Cunningham's lawyer said workers are removing the trash. But an environmental engineer will have to advise his client on how to remove wood that was buried to stabilize a cliff, said Michael Roblyer.

Angry neighbors, who have long opposed Cunningham's efforts to open a new rubble landfill at the north end of the raceway, say the newly discovered dumps are another reason the state should deny his permit application. The dumps are adjacent to Cunningham's old rubble landfill, which is closed.

"We're concerned if that company was responsible for the dumping, how would they treat the proposed landfill?" said Elise G. Rand, a member of the Greater Gambrills Citizens' Pollution Task Force, a group of neighbors organized to oppose the landfill. "What's going on in this area is a complete eyesore."

The state began an investigation last month after receiving an anonymous tip about the three riverside dump sites, officials said. Neighborhood task force members found the sites at about the same time.

State inspectors visited three times, bringing investigators from MDE's hazardous materials and petroleum units. They took a water sample from a nearby sediment pond to test for total petroleum hydrocarbons. Officials are awaiting results.

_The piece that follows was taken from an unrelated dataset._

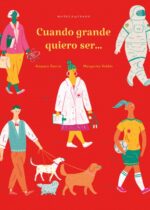 Cuando grande quiero ser...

Residents also took soil and water samples and paid for laboratory testing. They told state officials that their results show a high possibility of soil contamination. One sample was taken from beneath a long pipe that was oozing a black, oily substance with an odor of petroleum, said task force Chairman Barton D. Huxtable.

"We want a full investigation of this dump, and we want them to deny this permit," Huxtable said.

History of old landfill

Cunningham has an extensive history of violations at the old rubble landfill, Huxtable said.

Cunningham opened the old landfill in 1977 without a state permit, which was not unusual at the time, according to Edward Dexter, a chief in MDE's Solid Waste Division. In 1980, the state began a push to regulate landfills, and Cunningham was ordered to stop dumping. He submitted a plan that projected the landfill would be closed by Dec. 15, 1981.

When state inspectors found that he was accepting rubble in 1982 and that he had exceeded his 2.7-acre dumping boundary, they again ordered him to close or apply for a permit. In November 1982, Cunningham got his state permit.

When he asked for a renewal three years later, state officials had found other problems with the operation. Hazardous waste, in the form of a truckload of sandblasting grit with chips of lead paint, had been dumped on the property, they said. Ground-water monitoring wells on the edges of the landfill had collapsed, causing gaps in data, and officials questioned whether there was enough company supervision of the landfill.

An October 1985 order demanded that Cunningham address those problems and perform a site assessment, Dexter said. In May 1987, Anne Arundel County sought an injunction against Cunningham's continued operation of the landfill because its county permit had expired and the required bond had not been posted.

Two years later, Cunningham also allowed his state bond to expire. MDE ordered him to submit proof of his bonding and a plan to close the landfill.

He complied, and the state renewed the permit in October 1989, with several modifications including strict instructions to submit a closeout plan for the landfill 90 days before it was to close.

In 1991 and 1992, the state warned Cunningham that the landfill exceeded its height limitations. In June 1992, state officials sent other warnings on sediment erosion problems.

The landfill closed that month, but Cunningham failed to notify the state or submit closure plans. The state issued a warning, asking for closeout plans. Inspectors visiting the site in October 1992 found that Cunningham had accepted debris at the landfill after it closed.

By April 1994, Cunningham had not submitted closeout plans acceptable to the state. He was given another warning asking for the plans, Dexter said. That October, the state fined Cunningham $10,000 for violating the condition of his permit. They ordered him to provide specifications for a landfill cap, as well as plans for post-closure monitoring and maintenance.